In the 1810 federal census, this man's 18 person household in Richmond included ten slaves, A decade later Ambler owned 11 slaves at his Richmond residence, which number grew to 14 in the last census of his lifetime.

==Death and legacy==

John Ambler died in Richmond in 1836 and was buried at now-historic Shockoe Hill Cemetery, as was his first wife. His eldest surviving son, Edward Ambler II, who had continued the family's political tradition by representing Henrico County (which surrounded Richmond, Virginia) in the Virginia House of Delegates (from 1824-1826 during his father's lifetime), inherited the Powhatan plantation and eventually gave it to his daughter Mary, the wife of Williamsburg attorney John Hill Smith of King and Queeen County, while he moved westward to Fauquier County.

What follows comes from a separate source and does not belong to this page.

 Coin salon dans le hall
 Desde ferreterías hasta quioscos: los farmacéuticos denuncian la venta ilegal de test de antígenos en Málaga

His eldest son of his third marriage, John Jaquelin Ambler, had already chronicled the family's history and genealogy in 1826-1826). However, the family member with the most extensive legislative experience proved to be the youngest son, William Marshall Ambler, who was educated as a lawyer began his legislative career after this man's death. Wiliam M. Ambler served many terms in the Virginia Senate representing Louisa and surrounding counties and eventually became its Speaker, and who also represented Louisa County in the Virginia Secession Convention of 1861, where he voted for secession. His brother John Jaquelin Ambler enlisted in the Confederate Army and served in the engineering corps before resuming a mercantile business in the Lynchburg/Amherst County area. His great-grandson James Markham Ambler (son of Richard Cary Ambler), a Confederate cavalryman who became a medical doctor and U.S. Navy officer, died exploring the Arctic, and his frozen body was recovered and transported to the Leeds parish church in 1884.

His former Richmond home, near his uncle Jaquelin at 10th and Cary Streets, was destroyed before the Civil War, and the entire block today is an office building for the Richmond Department of Social Services. In 1962, the Virginia Historical Society purchased Ambler family papers from the Library of Congress and makes them accessible to researchers.